For some reason, Yamaha’s earlier machines don’t get the same name recognition as vintage Hondas (with the possible exception of the XS650 line). That doesn’t mean they weren’t important in the history of motorcycling, though, and it doesn’t mean they’re undesirable. Just the opposite, in fact. Because there’s less hype over vintage Yamahammers, you might actually find a good deal on one.
Need proof? Check out this 1970 Yamaha HS1, for sale in New Hampshire. This two-smoker was built with a 90cc engine to get around the Japanese domestic market’s 100cc restrictions, or so the rumor goes. That might have endeared it to buyers in its home country, but in power-mad North America, a 90cc wasn’t the stuff of dreams for most riders. As a result, while Honda’s CB750 went down in legend as the world’s first Japanese superbike, this HS1 spent its days as part of a dealership collection.

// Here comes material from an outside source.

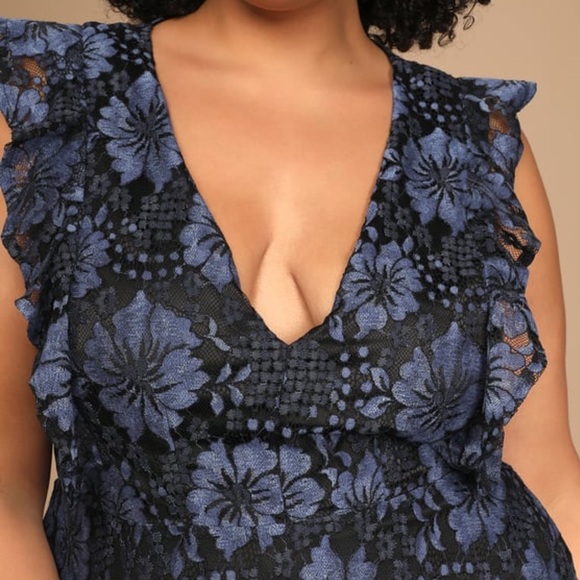 Molinetto Navy Blue Lace Ruffled Tiered Sleeveless Maxi Dress - Picture 6 of 9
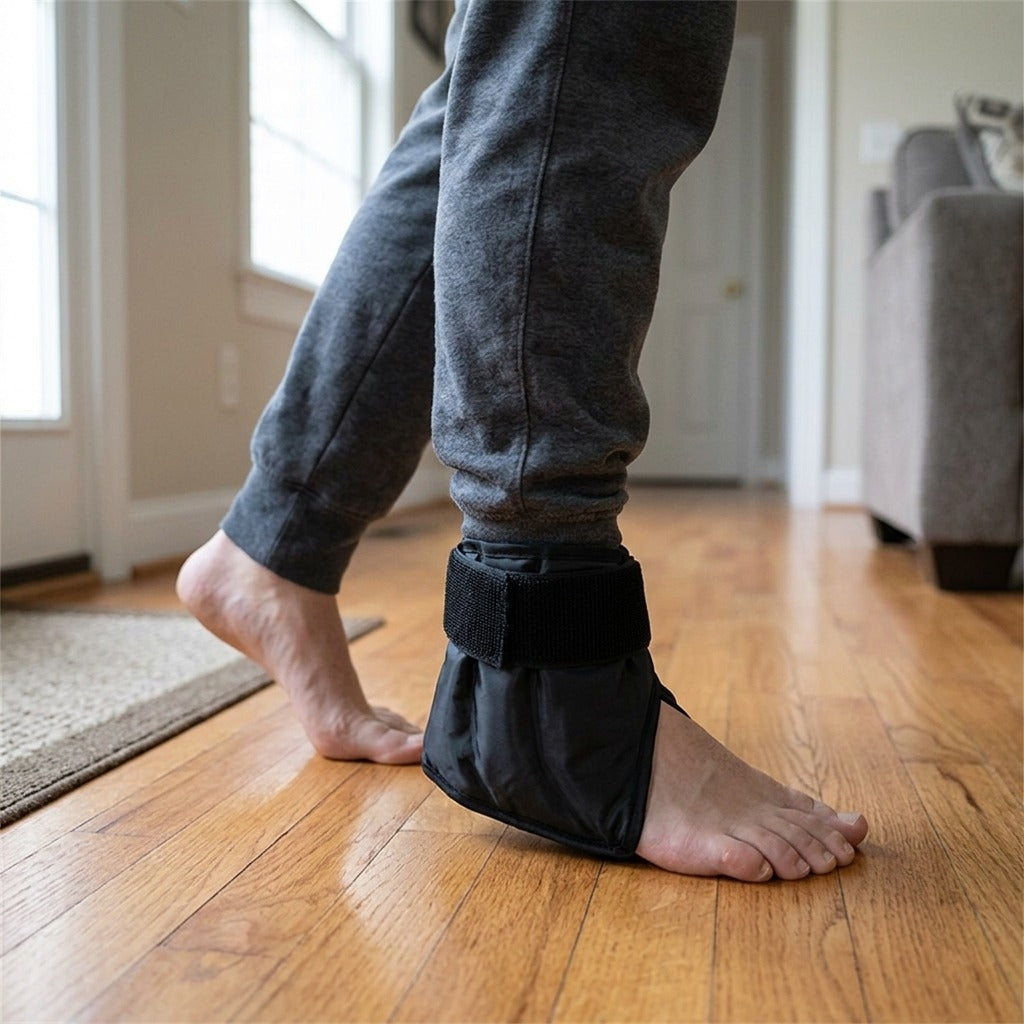 Ankle Support Compression Brace with Gel Therapy Wrap - in use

The tiny, mighty HS1 is powered by an air-cooled, 90cc, two-stroke parallel twin that breathes in through a pair of the smallest carburetors you’ve ever seen and out through a two-into-two exhaust. The engine is mated to a five-speed trans that delivers power to the rear wheel via a chain final drive. The suspension is pretty standard—forks at the front and two shocks aft—and the brakes are drums front and rear. This bike’s ad claims the machine was rated for 10 horsepower—not that you’re going to be buying this for drag strip runs or highway commuting.
This particular example does appear to have lived an easy life, and it seems the dealership did a basic freshening-up before it went on the market. The ad says the carbs were cleaned, and the intake and breather hoses replaced. The odometer only shows 3,000 miles; visually, it’s obvious the bike has been used, but it appears to have been well taken care of. The ad also says the current seller, who bought it from the dealership collection, has ridden it, so it should be in running order, more or less.
Best of all? The price is $1,000 at the time of posting. No doubt it’ll rise in the days ahead, but this is a vintage machine, in good condition, that almost anyone can afford. The classic motorcycle scene has seen quick rises in pricing lately, but for now, a clean machine like this is still within most riders’ reach.